• ACTION ITEM
Exclude the pictures and repeat all of the data exactly.
MATERIAL FOR THIS TASK START
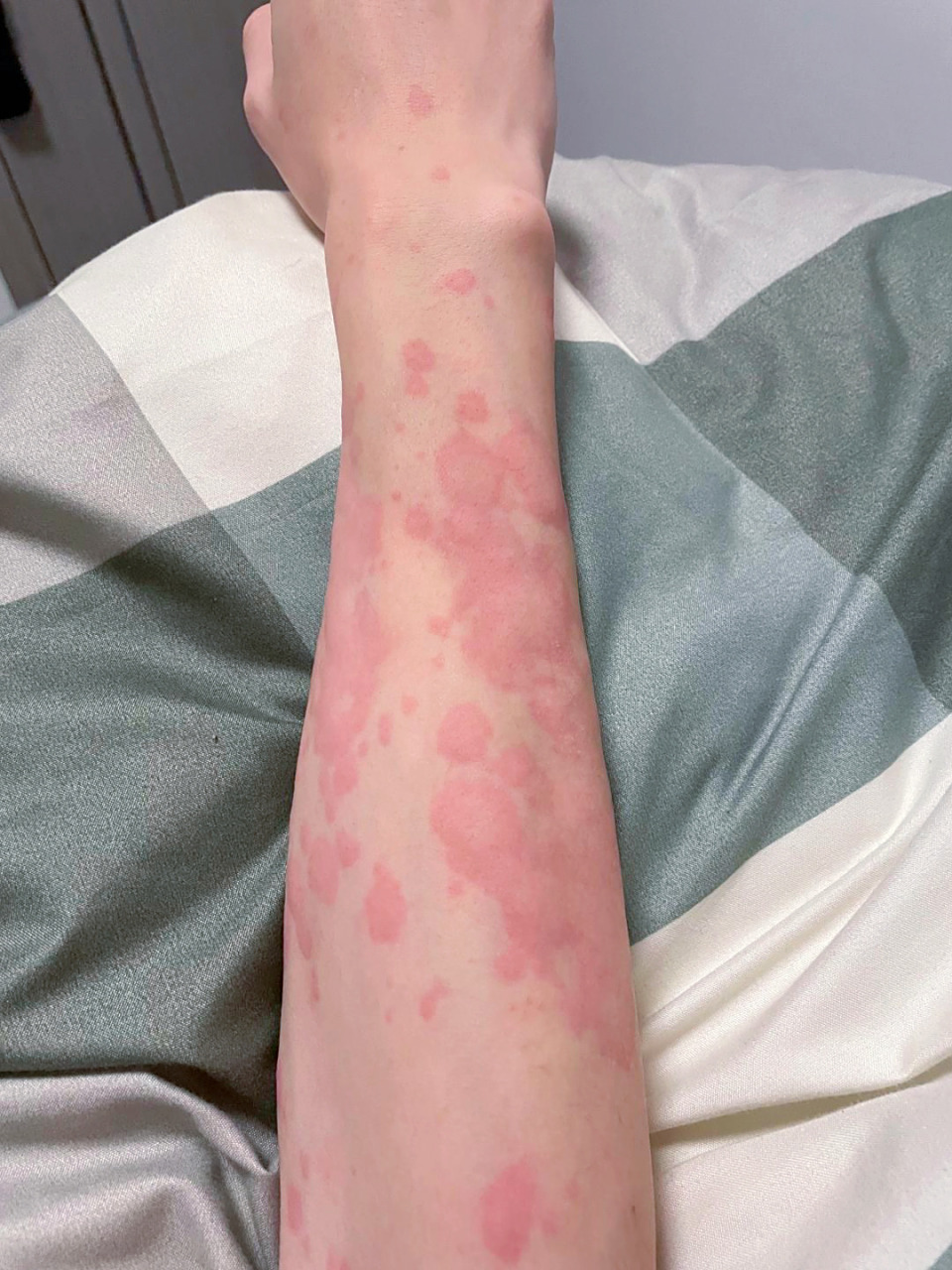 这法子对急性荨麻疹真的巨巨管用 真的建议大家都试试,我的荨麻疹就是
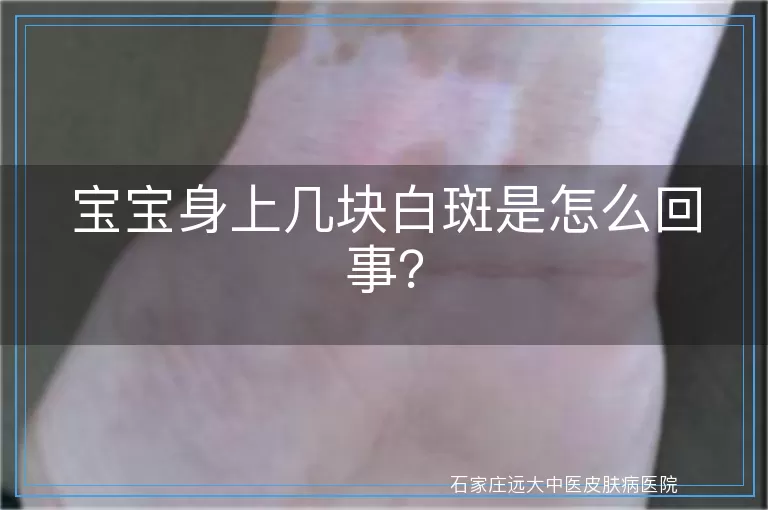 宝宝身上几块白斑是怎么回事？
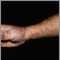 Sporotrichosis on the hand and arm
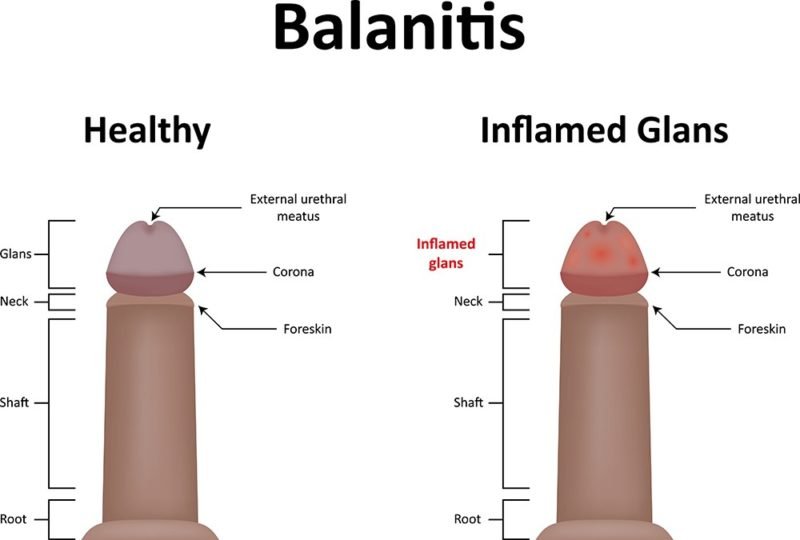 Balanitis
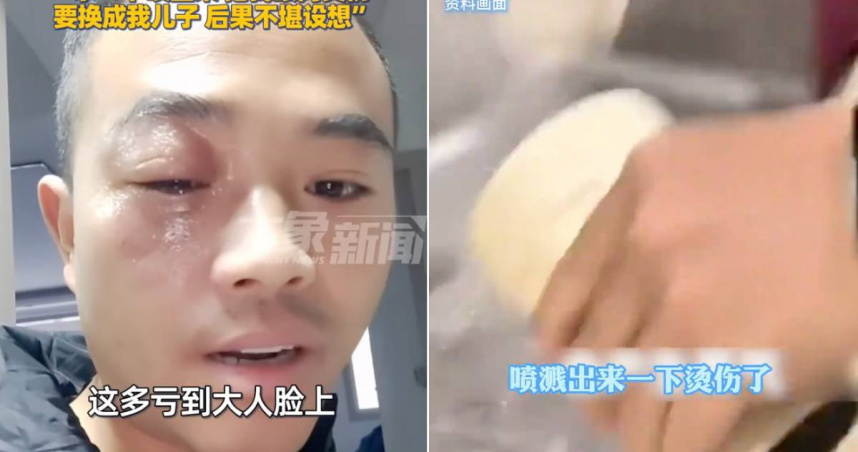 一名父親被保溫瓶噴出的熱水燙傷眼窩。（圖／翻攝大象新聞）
MATERIAL FOR THIS TASK END
• ANSWER SPACE
 这法子对急性荨麻疹真的巨巨管用 真的建议大家都试试,我的荨麻疹就是
 宝宝身上几块白斑是怎么回事？
 Sporotrichosis on the hand and arm
 Balanitis
 一名父親被保溫瓶噴出的熱水燙傷眼窩。（圖／翻攝大象新聞）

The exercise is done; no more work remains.